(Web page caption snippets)
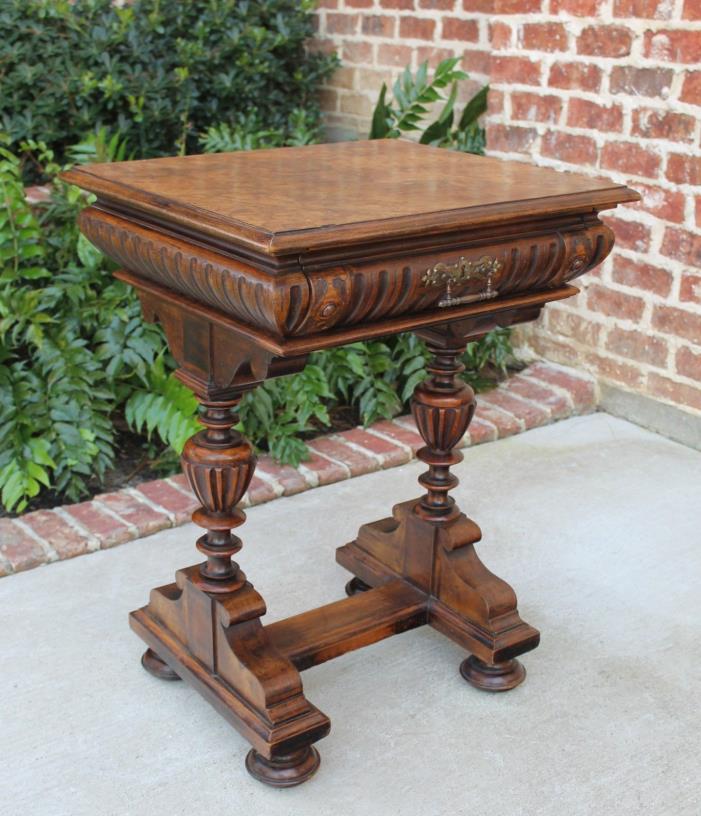 Antique French Burled Walnut Victorian Lift Top Sewing Table Cabinet Sewing Box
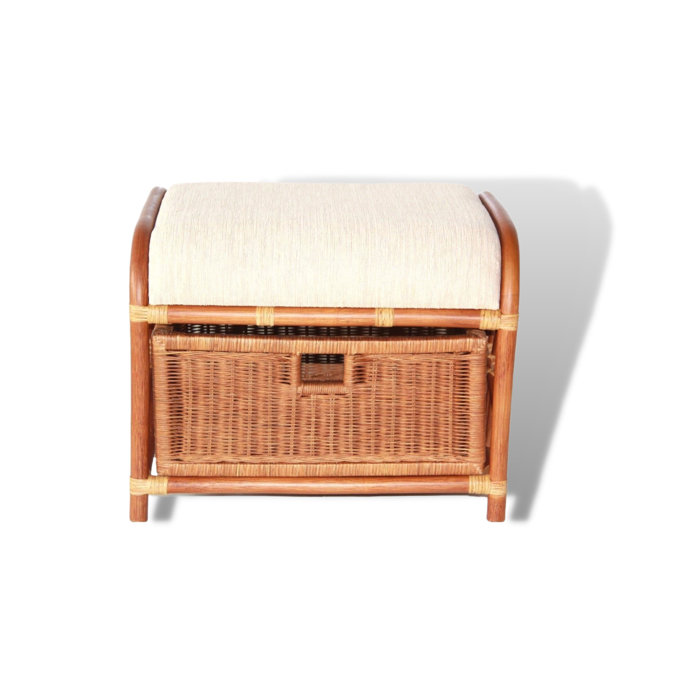 Illustration of Textured Rattan Storage Ottoman For Home Office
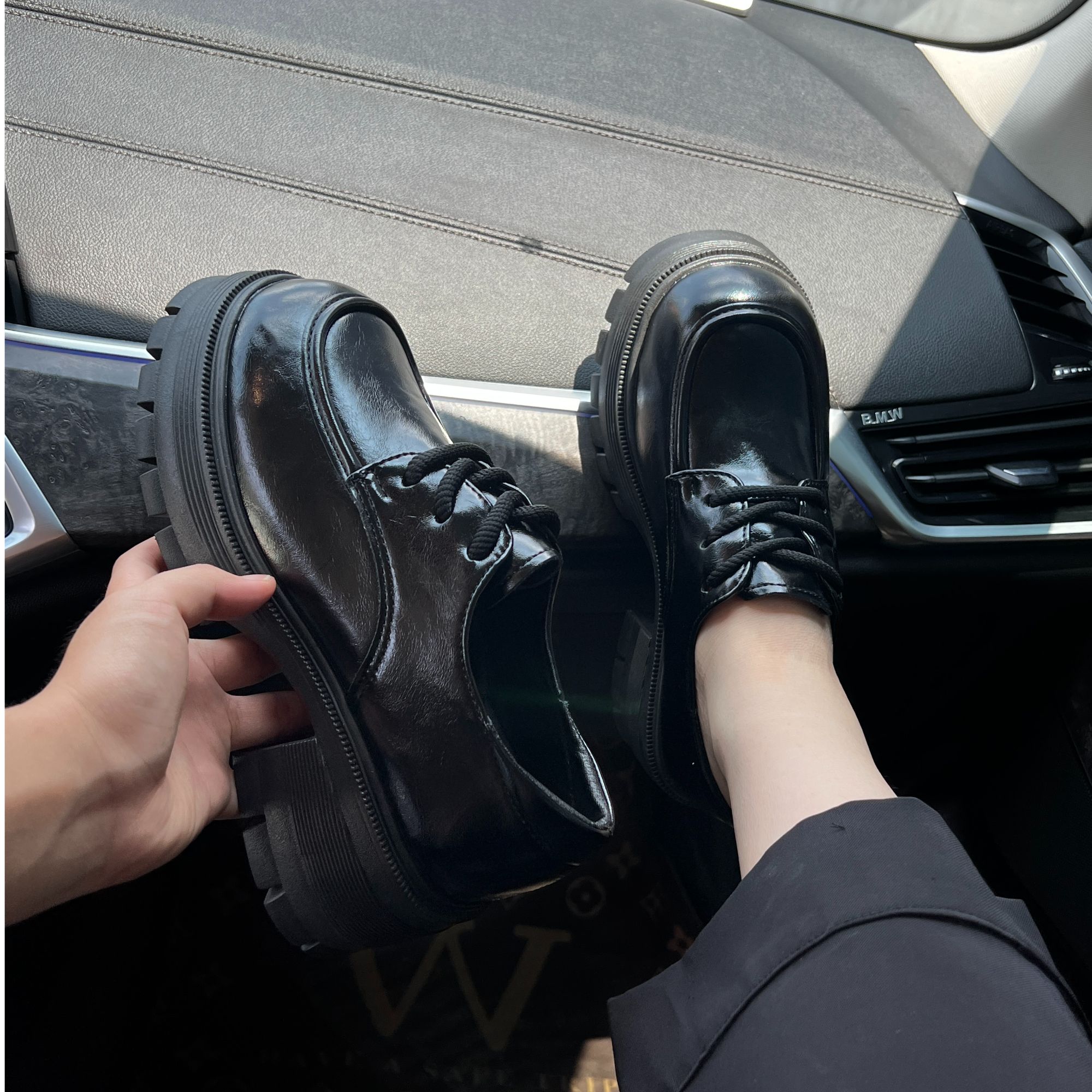 【系带】复古松糕底英伦风圆头粗跟厚底系带百搭法式通勤小皮鞋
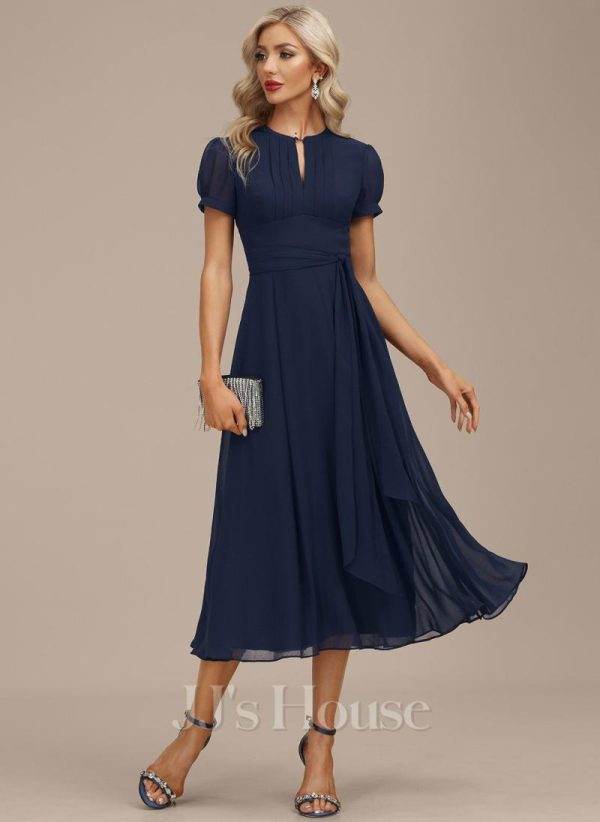 Semi-formal & Cocktail | A-line Scoop Tea-Length Chiffon Cocktail Dress With Pleated As Picture – Womens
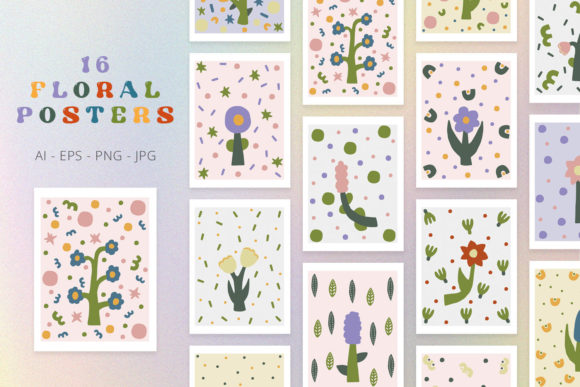Download Modern Flowers Vector Posters - Modern flowers Collection
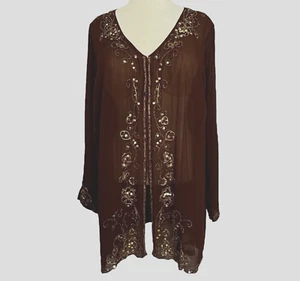 Susan Graver Bluse Gr. 1X schokobraun Perlen transparent Lg Slv Hakenverschluss - Bild 1 von 17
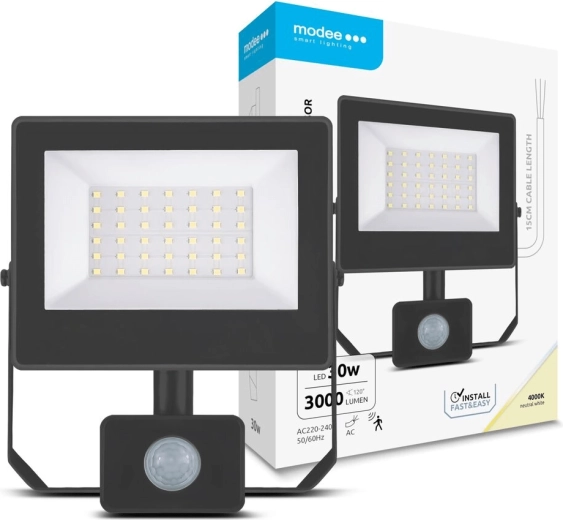 LED-projektør med sensor 30 W, neutral hvid 4000 K, 3000 lm – Modee A3-serien
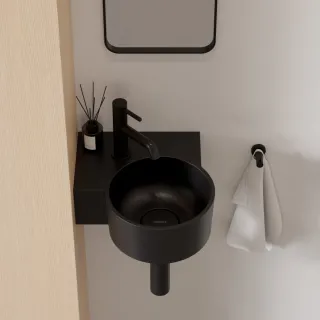 Omnires OVO M+ umywalka nablatowa/wisząca - lewa, 33 x 34 cm, black lava mat OVO335UWLBLV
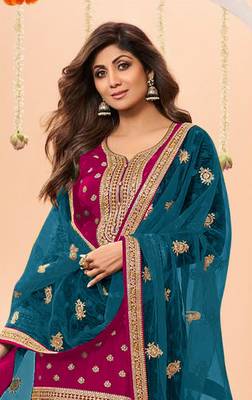 Pink Embroidered Viscose Punjabi Salwar Suit 2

**Task item:** All the records need to be repeated exactly, with the images dropped.

**Expected answer:**
 Antique French Burled Walnut Victorian Lift Top Sewing Table Cabinet Sewing Box
 Illustration of Textured Rattan Storage Ottoman For Home Office
 【系带】复古松糕底英伦风圆头粗跟厚底系带百搭法式通勤小皮鞋
 Semi-formal & Cocktail | A-line Scoop Tea-Length Chiffon Cocktail Dress With Pleated As Picture – Womens
Download Modern Flowers Vector Posters - Modern flowers Collection
 Susan Graver Bluse Gr. 1X schokobraun Perlen transparent Lg Slv Hakenverschluss - Bild 1 von 17
 LED-projektør med sensor 30 W, neutral hvid 4000 K, 3000 lm – Modee A3-serien
 Omnires OVO M+ umywalka nablatowa/wisząca - lewa, 33 x 34 cm, black lava mat OVO335UWLBLV
 Pink Embroidered Viscose Punjabi Salwar Suit 2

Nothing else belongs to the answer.